[Stored items]
⟨

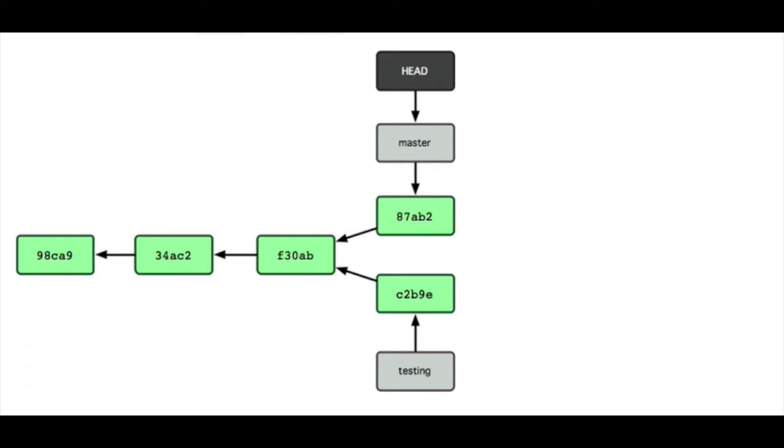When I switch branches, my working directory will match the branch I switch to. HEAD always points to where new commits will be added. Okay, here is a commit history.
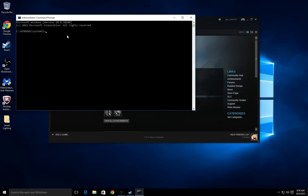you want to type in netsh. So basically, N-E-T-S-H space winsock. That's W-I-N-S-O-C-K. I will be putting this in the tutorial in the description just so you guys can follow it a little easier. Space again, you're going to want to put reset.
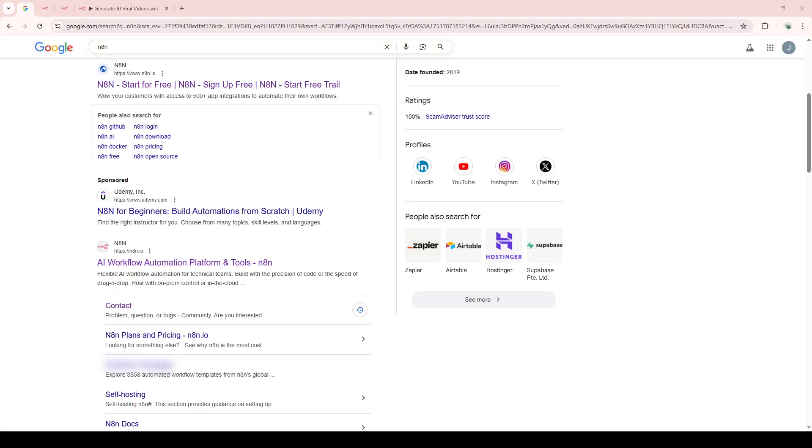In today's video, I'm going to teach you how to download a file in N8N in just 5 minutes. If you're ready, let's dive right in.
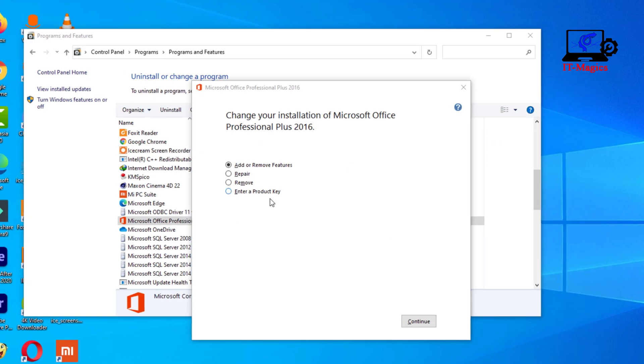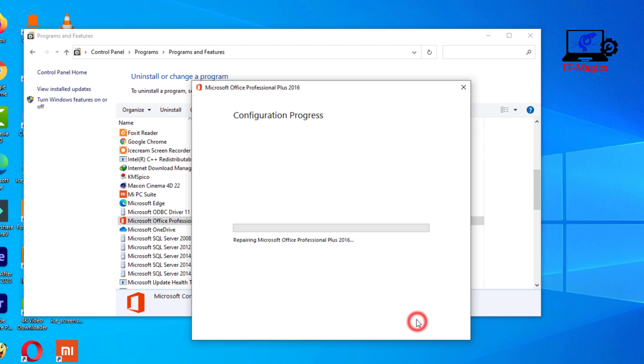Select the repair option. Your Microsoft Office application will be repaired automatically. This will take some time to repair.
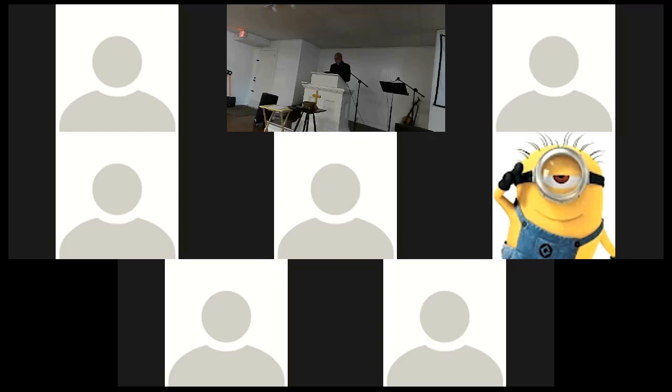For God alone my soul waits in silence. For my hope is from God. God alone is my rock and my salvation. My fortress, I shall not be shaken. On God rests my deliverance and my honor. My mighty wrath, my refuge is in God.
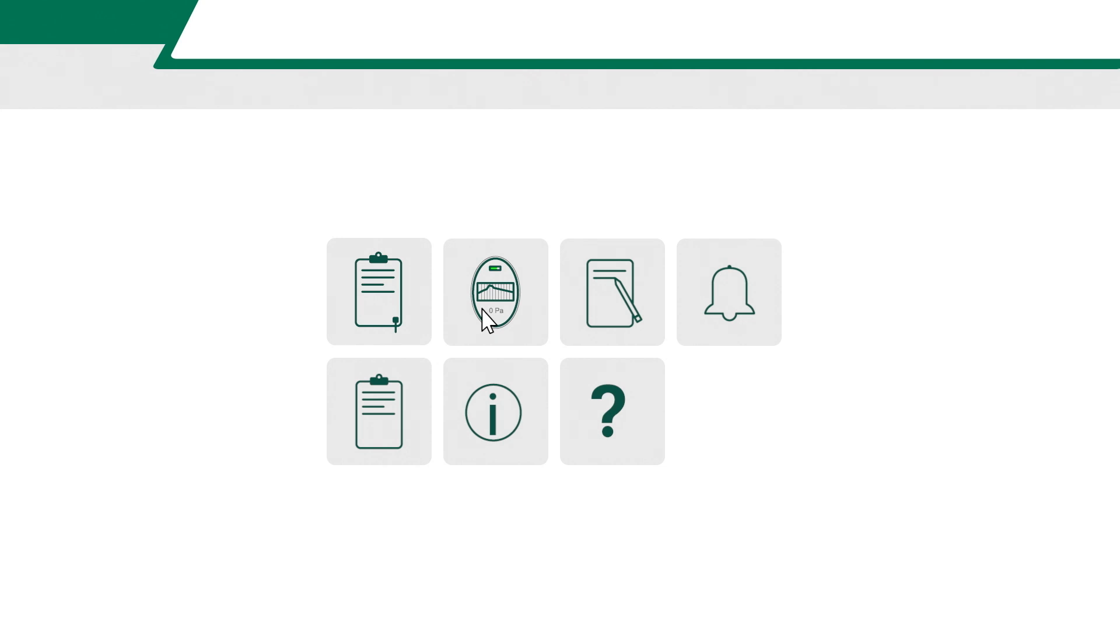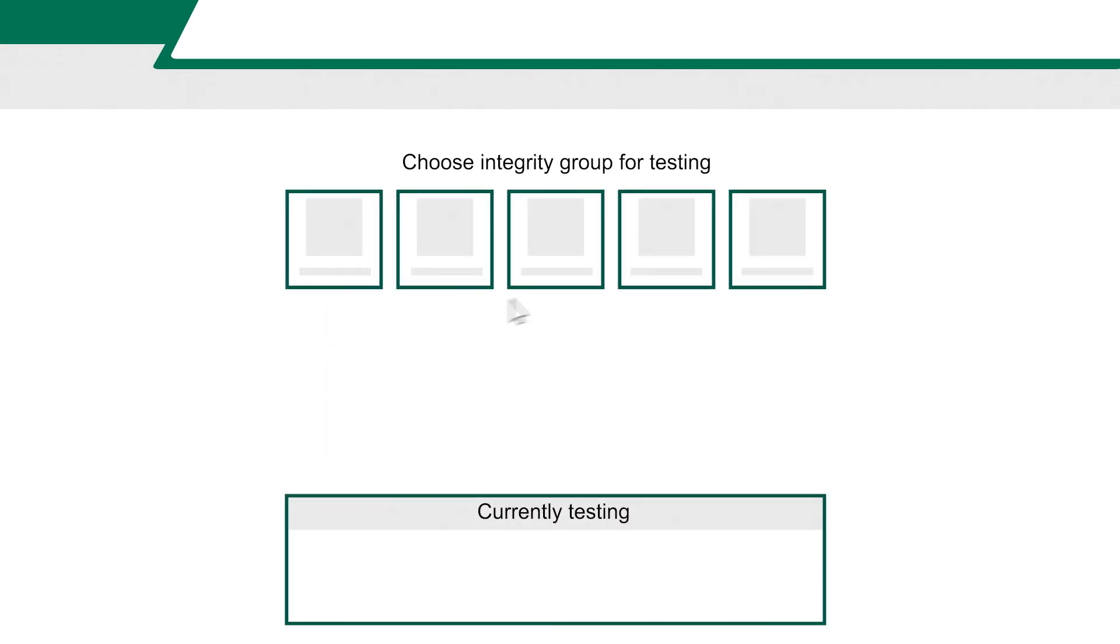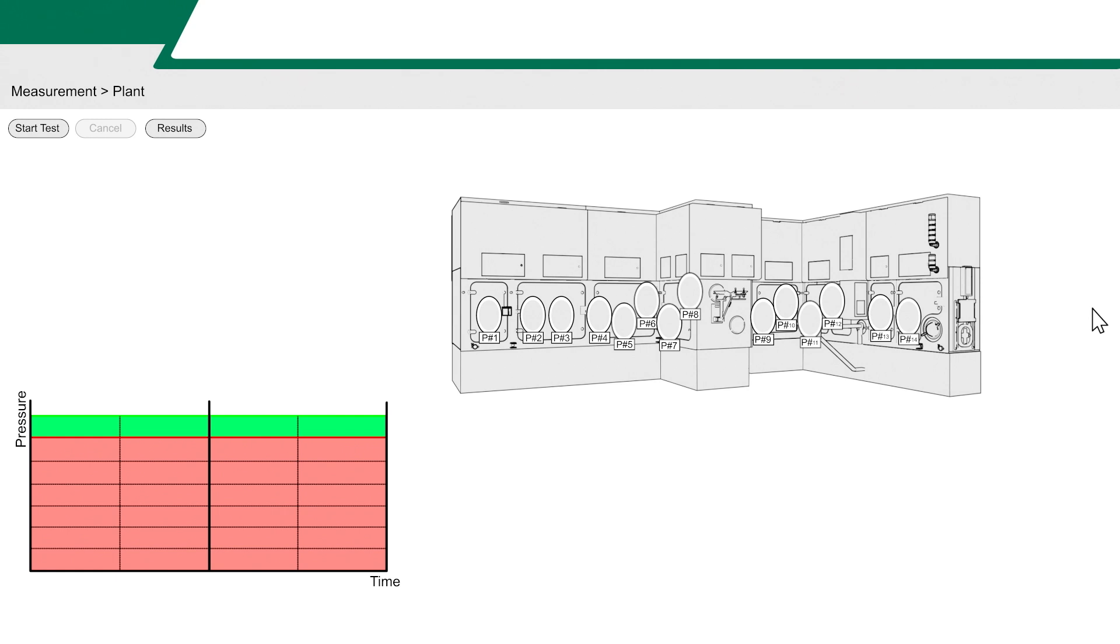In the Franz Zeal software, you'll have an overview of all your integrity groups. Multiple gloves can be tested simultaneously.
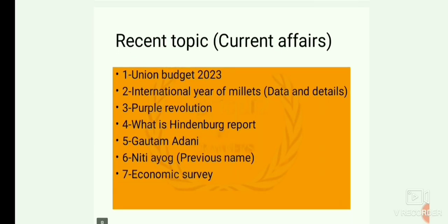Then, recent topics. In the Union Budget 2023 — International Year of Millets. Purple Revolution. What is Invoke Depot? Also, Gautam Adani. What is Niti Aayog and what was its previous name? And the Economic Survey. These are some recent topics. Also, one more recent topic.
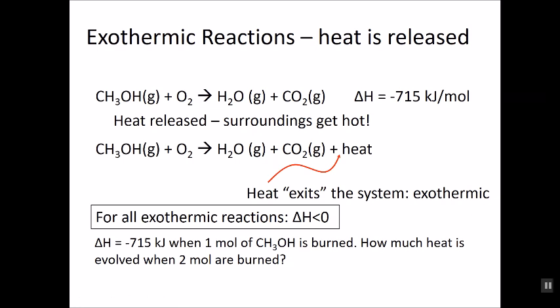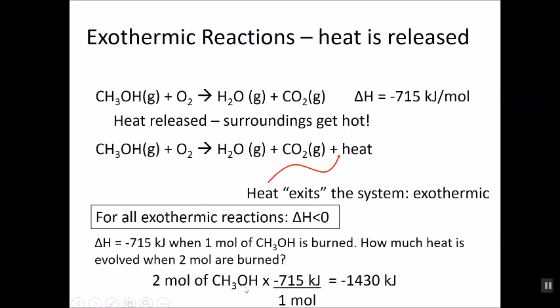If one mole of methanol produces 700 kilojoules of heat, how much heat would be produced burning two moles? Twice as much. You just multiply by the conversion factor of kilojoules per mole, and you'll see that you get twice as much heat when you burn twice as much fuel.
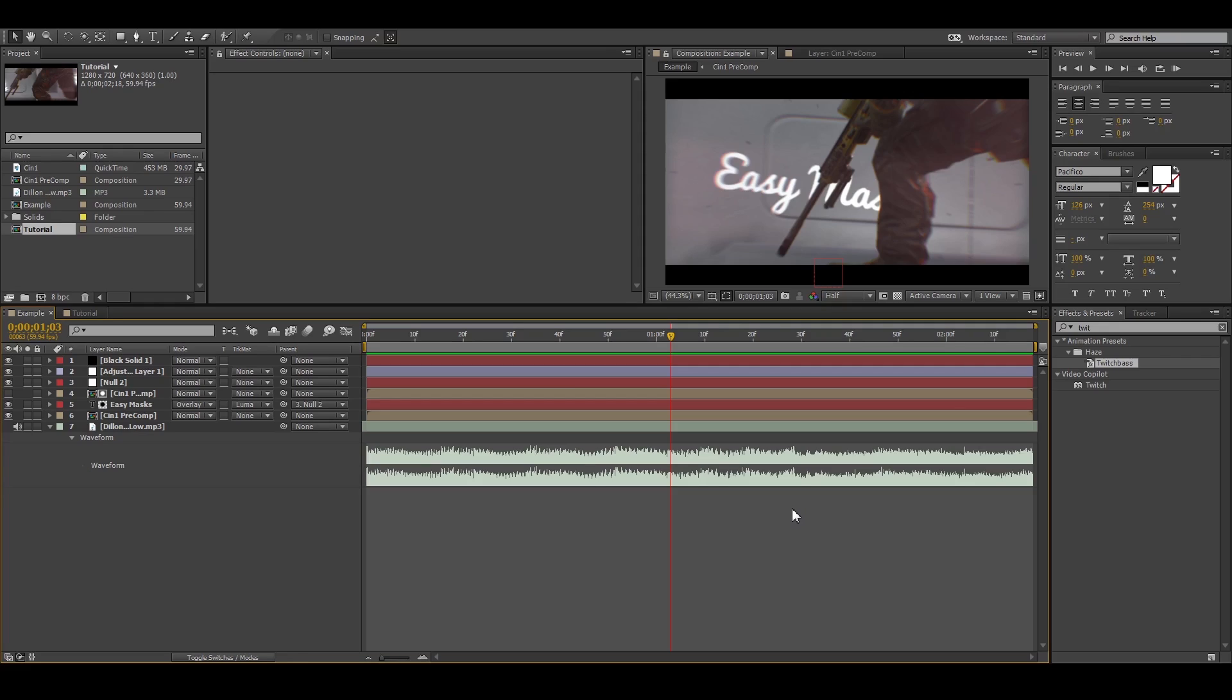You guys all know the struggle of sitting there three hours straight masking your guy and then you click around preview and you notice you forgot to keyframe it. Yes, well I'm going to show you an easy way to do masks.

⟩

* _Exercise_
Copy the records above from the first line through the line containing "In today's video, I'm", both included, and leave out any pictures.

* _Result for this exercise_
When I switch branches, my working directory will match the branch I switch to. HEAD always points to where new commits will be added. Okay, here is a commit history.
you want to type in netsh. So basically, N-E-T-S-H space winsock. That's W-I-N-S-O-C-K. I will be putting this in the tutorial in the description just so you guys can follow it a little easier. Space again, you're going to want to put reset.
In today's video, I'm going to teach you how to download a file in N8N in just 5 minutes. If you're ready, let's dive right in.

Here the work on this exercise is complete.